In PRESTIGE PREHISTORY, Pop Heist critic Sean T. Collins takes a look at classic TV shows that paved the way for the New Golden Age of Television — challenging, self-contained series from writers and filmmakers determined to push the medium forward by telling stories their own way.
I, Claudius Episode 6
"Some Justice"
Original Airdate: Oct. 8, 1976
Writer: Jack Pulman (based on the novels I, Claudius and Claudius the God by Robert Graves)
Director: Herbert Wise
Cast: Derek Jacobi, Siân Phillips, George Baker, Patrick Stewart, Fiona Walker, Margaret Tyzack, James Faulkner, Kevin McNally, Stratford Johns, Irene Hamilton, Robert Morgan, Patsy Byrne
This isn't an episode. It's a flex. Not yet at its halfway mark, Jack Pulman and Herbert Wise's I, Claudius is showing off just how competent and capable it is at creating human drama out of nothing but a handful of fine actors, some effective costumes and cheap but evocative sets, and a script like virtually nothing television had ever seen.
For one thing, the show has jettisoned its third lead. Brian Blessed's Caesar Augustus is gone, having met his end the same way so many of his friends and would-be successors had done before him: poisoned at the hand of his wife, Livia. Tiberius is now Emperor of Rome, a title used more frequently and explicitly this episode than in the previous five combined. It seems everyone has stopped pretending that the Republic still lives.
It certainly no longer lives in the form of Germanicus, Claudius' brother and the last great hope for Republicanism in the Empire. A longtime favorite of both the late Augustus and the Roman people — to say nothing of Claudius, who adores the man as his oldest and best friend — he is, you guessed it, poisoned while maintaining his post in Syria.
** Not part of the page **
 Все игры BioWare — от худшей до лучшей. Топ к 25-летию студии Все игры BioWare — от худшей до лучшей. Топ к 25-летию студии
A superstitious man, he was hounded into paranoia by a variety of grotesque items placed around his home, from a dead baby with a shattered chest and horns on its head to an ass's skull with his name written on it to a dead cat with wings on its back to (an extremely racist caricature of) an African man's severed head with a white man's hand in its mouth.
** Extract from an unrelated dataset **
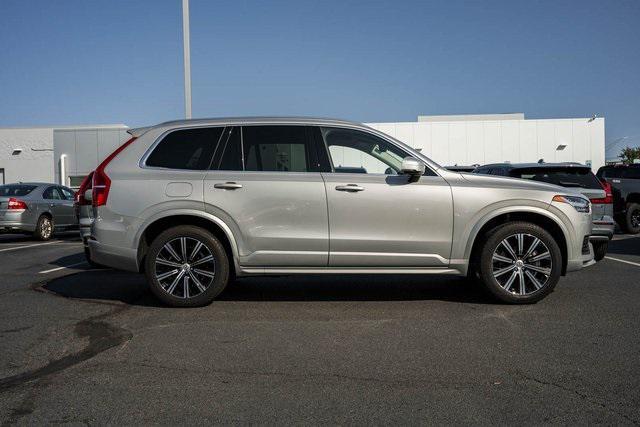 2023 volvo xc90 b5 core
It's not clear if these were meant to be real or the obvious mock-ups they appear to be on camera, but either way, the stress, combined with the poison, was too much for him. His aggrieved wife, Agrippina (Fiona Walker), is not about to let him go gently into that good night, either. Arranging a funeral procession all the way back to Rome, she loudly proclaims Germanicus' death murder by poison and witchery. She places the blame at the feet of Gnaeus Calpurnius Piso (Stratford Johns), a windbag politician who disliked Germanicus, and his wife Plancina (Irene Hamilton).
But she doesn't stop there. In a meeting with several trusted allies, including Claudius, his brother-in-law Castor (Kevin McNally), his friend Herod Agrippa, and his mother Antonia, Agrippina details the witchcraft and places the blame for the poisoning directly on Emperor Tiberius and his mother, Livia. There's briefly some pushback on the idea that an Emperor of Rome would stoop so low, before it's pointed out that that's the level he thrives on.
He's got plenty of help, of course. In a hilarious scene that the Agrippina conspiracy mirrors, Tiberius, Livia, and their chief enforcer Sejanus have a little chat about Germanicus' death and their political vulnerability over it. It's a scene straight out of Super Friends, with these three functioning as the constantly bickering Legion of Doom.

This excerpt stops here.